In the Valley of the Kings (12 page)

Read In the Valley of the Kings Online

Authors: Daniel Meyerson

Tags: #History, #General, #Ancient, #Egypt

But the junky must have been too high to notice this. He pushed aside a basket boy, got on his knees, and went through the upturned earth with his hands, hoping for something more than the rubble and sand that ran through his fingers.

What was wrong with him? He was probably high as a kite, having stumbled on a stash in one or another of the tombs (as sometimes happened). For sure he’d found some high-quality
Balanites aegyptiaca
sycamore seeds among the grave goods of some brother-junky (who’d planned on staying stoned for eternity).

But no, the young guy was not a junky: It was Carter—and so
changed after a month with the slave-driving Petrie that it was hard to recognize him (his first patrons, whose lapdogs he had sketched at Didlington Hall, showed up at Amarna on their luxurious dahabiyya; and as Alicia Tyssen-Amherst noted, they were shocked by his appearance). And though some
Balanites aegyptiaca
sycamore seeds would probably do him good, it was only Turkish tobacco he’d indulged in, the one luxury available to him here. What was more, he’d indulged in it furtively—ready to toss away his cigarette should his boss show up.

For though Carter had now climbed a rung on the ladder of success from “assistant archaeological artist” to excavator; and though he now received a meager salary for the first time since coming to Egypt (fifty English pounds a year)—he realized that his future depended on acquitting himself well at Amarna.

Forget the terrible extravagance of Turkish tobacco, Petrie did not approve even of using a donkey on their long desert treks.

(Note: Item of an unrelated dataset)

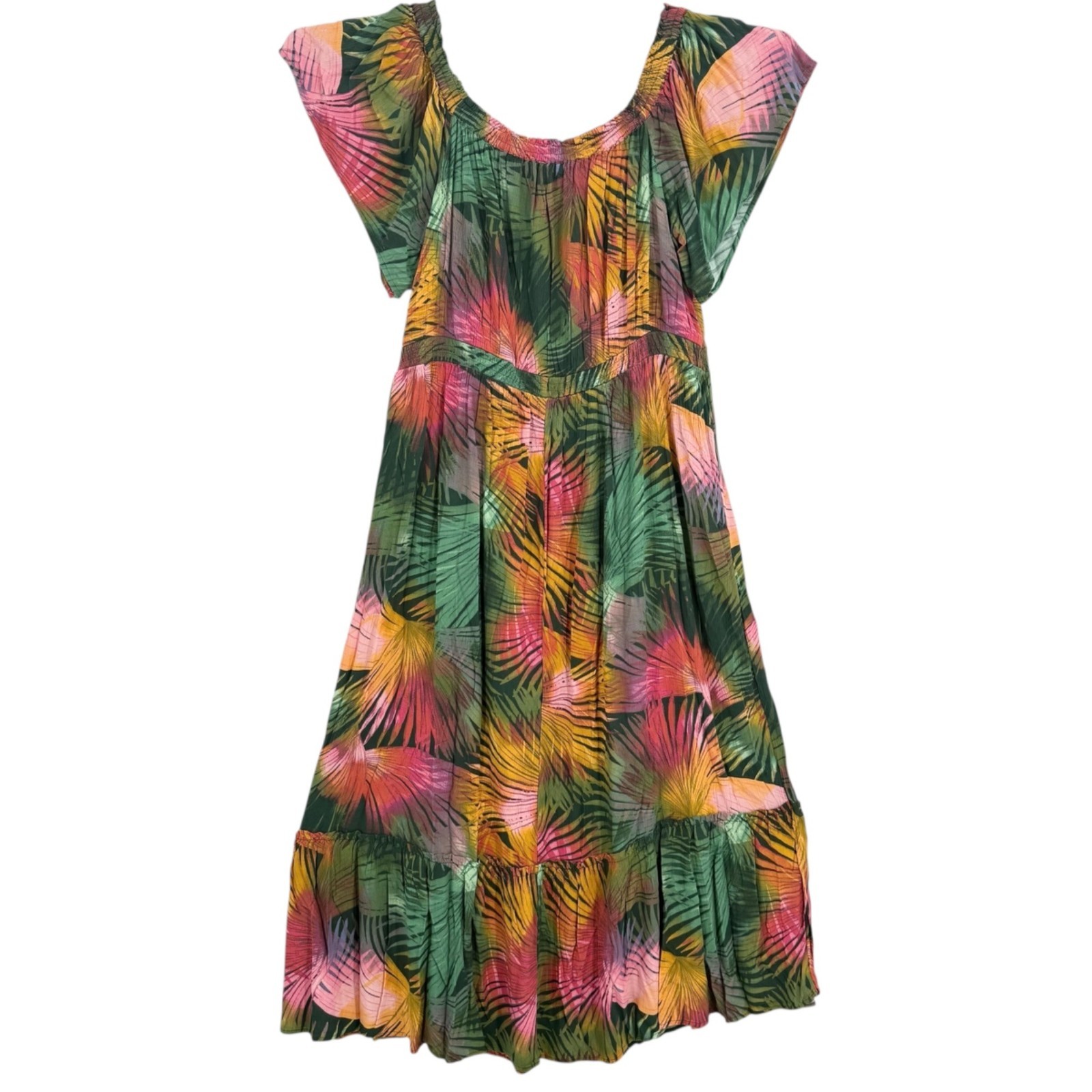 Terra & Sky Summer Tropical Green Pink Maxi Dress 2X 20W-22W Off Shoulder NWT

Carter had rashly suggested it, as he recorded in his unpublished memoirs (still remembering the awkward moment some thirty years later): “I had to run almost to keep up with Petrie’s long quick strides. Once I murmured that a donkey would be useful. My request was received by a dead silence. It temporarily upset the mutual equanimity. But no man is wise at all times, perhaps least of all when he is tired.” And the fledgling excavator was very tired! “Excuse my shaky handwriting,” he wrote to his Beni Hasan colleague Percy Newberry, “but I have just been out on a walk with Petrie that lasted from 8am to 8pm.”

The two formed a curious pair as they roamed the Amarna desert—the older man sparse, athletic, and so ragged and unkempt that the Bedu children taunted him with cries of “Beggar!;” the younger man meticulously dressed and struggling for breath as he tried to spot Akhenaten’s boundary stelae amid the barren cliffs. Which was how Carter spent his day off—sometimes. Other Sundays,
he scoured the desert alone, at Petrie’s request mapping the ancient roads, paths, and tracks where Akhenaten’s soldiers had once circled.

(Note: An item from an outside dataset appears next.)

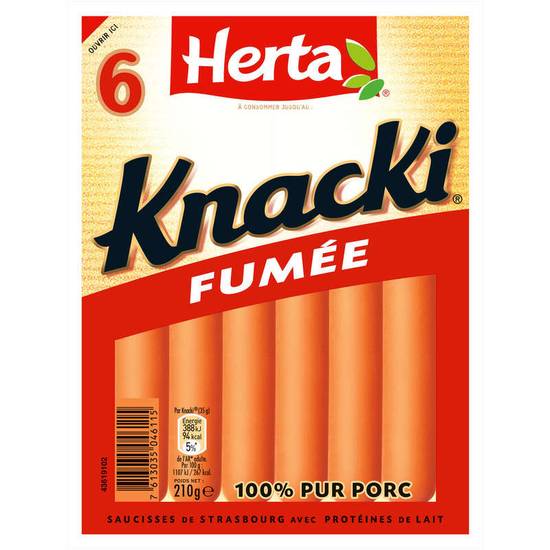 Knacki knacki fumée saucisse de strasbourg x6 210 g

The daily grind of excavation, however, was even more strenuous. Standing under a burning sun, he watched through a haze of dust and blinding light as his crew, twenty-two Egyptian men, dug up—nothing. That is, so far. But his luck was bound to change, he was sure of that.

The job required all of Carter’s concentration; he couldn’t look away for an instant. Because in that instant, Petrie had impressed upon him, it would be easy for a workman, shoveling for hours, to miss a mud seal or to pocket a ring suddenly turned up in the sand—irreplaceable finds. Take a ring offered for sale by a Cairo dealer in the 1920s—stolen during an excavation? forged? The names of Tutankhamun’s young widow, Ankhesenamun, and her grandfather Ay were entwined on its bezel, giving us an idea of her fate when Ay seized the throne—if only we could trust it! If only we knew the ring’s provenance, the place and manner of its discovery.

Or take a mud seal. In and of itself worthless, it provides an even better example of the way Carter would learn to conjecture, leaping over wide gaps of knowledge on the strength of a guess. It was not only a question of knowing who was buried where and by whom—although as we shall see in a moment, that certainly was very important (if only because the process of elimination would turn Carter’s attention to Tut, among those pharaohs not accounted for).

However, the real challenge was for Carter to develop intuition—he defined it in his memoir as “a subtle recognition of the facts.” But in archaeology, “the facts” can be understood only together with the desires, fears, and beliefs of an epoch, in this case the end of the Eighteenth Dynasty (Tut was the last in this line). Only a deep understanding of Tut’s time, call it “intuition,” would have
enabled Carter to believe in his quest through seven long years of fruitless digging.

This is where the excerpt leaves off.